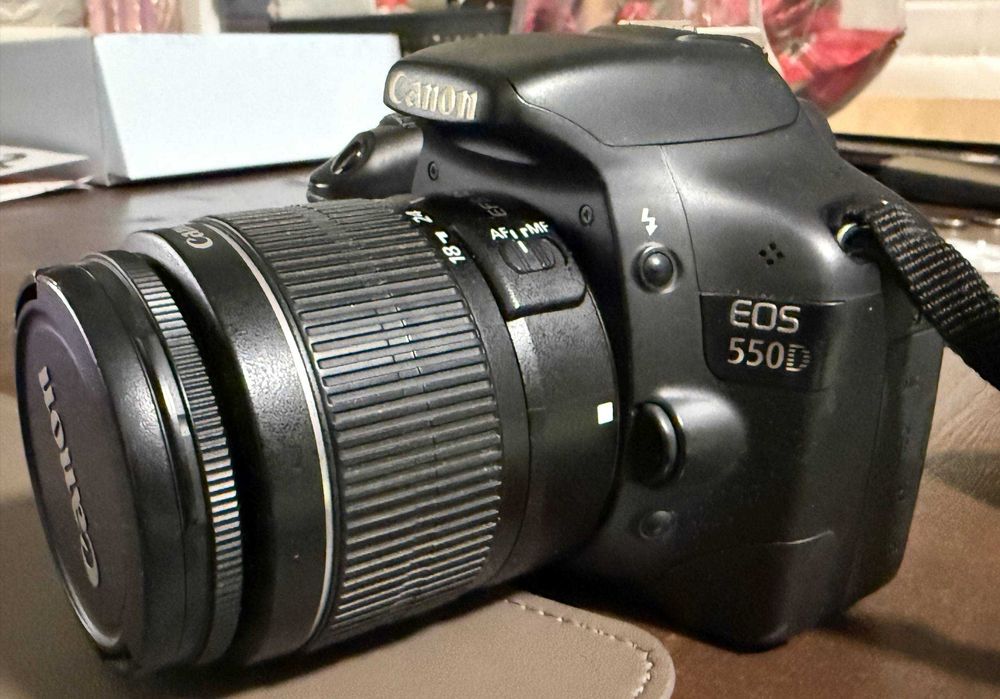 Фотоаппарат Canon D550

☆ ☆ ☆ ☆

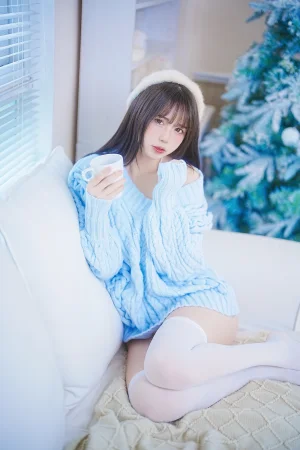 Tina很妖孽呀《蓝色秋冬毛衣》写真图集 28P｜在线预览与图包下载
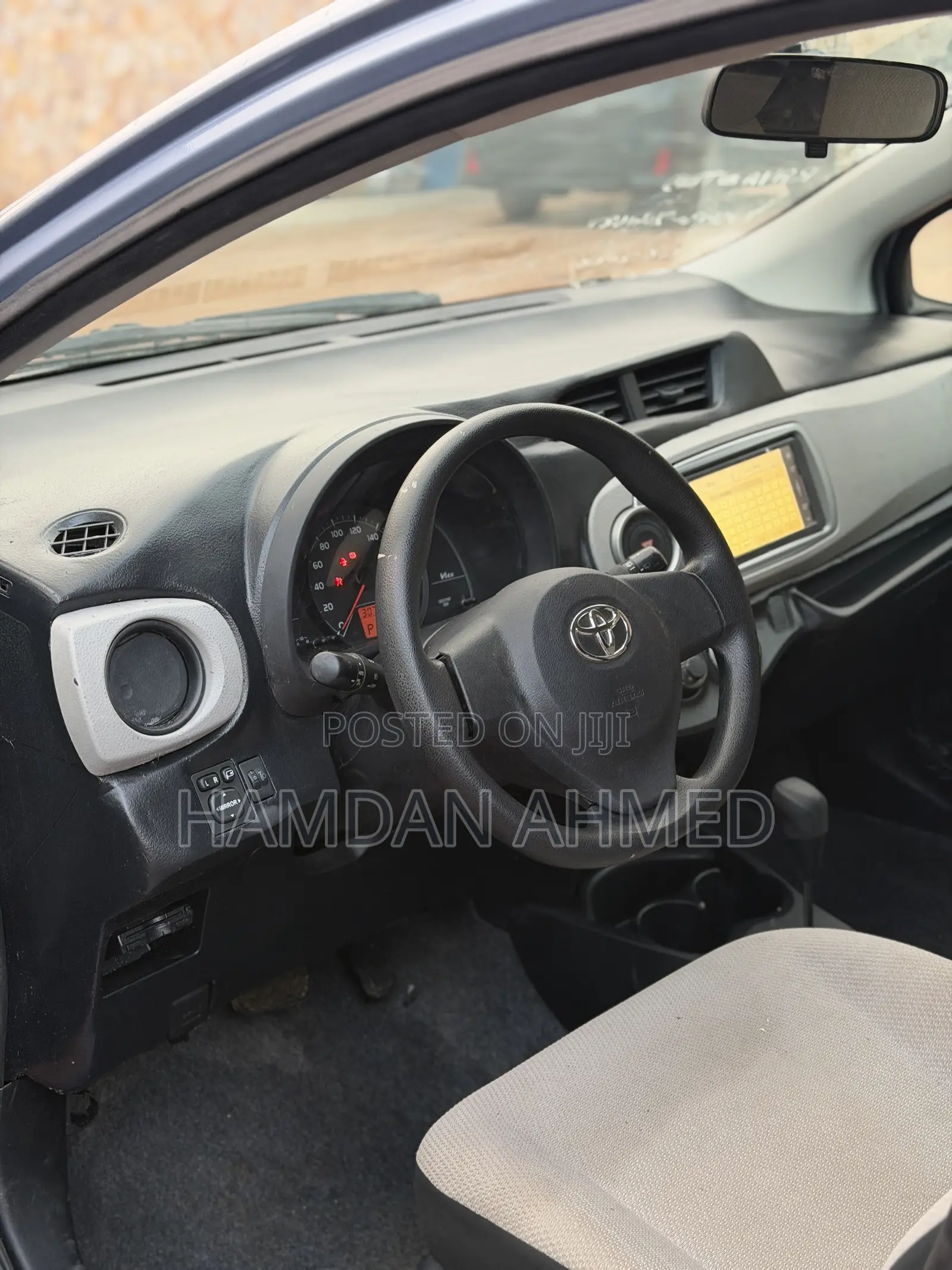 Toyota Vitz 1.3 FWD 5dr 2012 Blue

☆ ☆ ☆ ☆

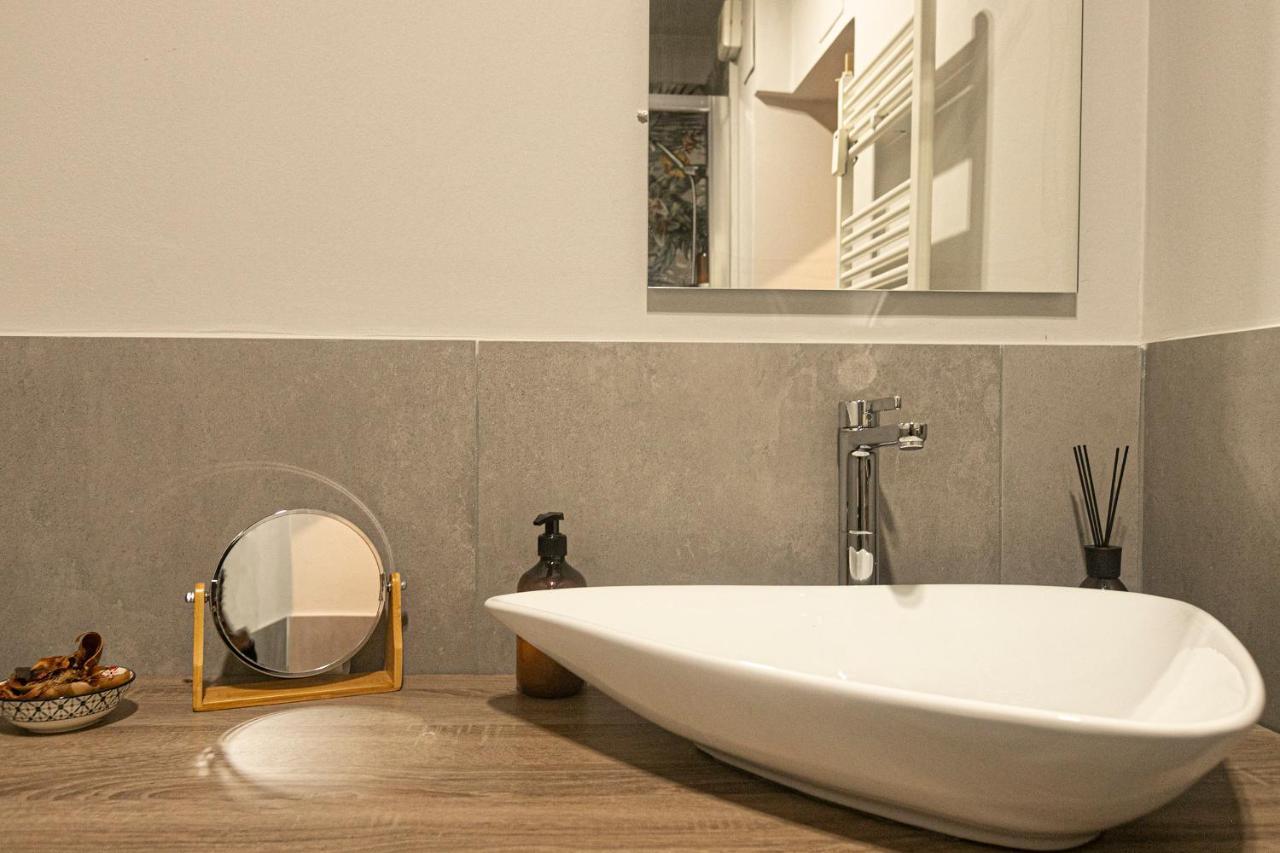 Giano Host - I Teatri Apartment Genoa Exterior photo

☆ ☆ ☆ ☆

Using the material above, reproduce only the lines that run from the line with "Tina很妖孽呀《蓝色秋冬毛衣》写真图集 28P｜在线预览与图包下载" up to and including the line with "Toyota Vitz 1.3 FWD 5dr 2012 Blue", exactly, with the pictures dropped.

### [Final answer]
 Tina很妖孽呀《蓝色秋冬毛衣》写真图集 28P｜在线预览与图包下载
 Toyota Vitz 1.3 FWD 5dr 2012 Blue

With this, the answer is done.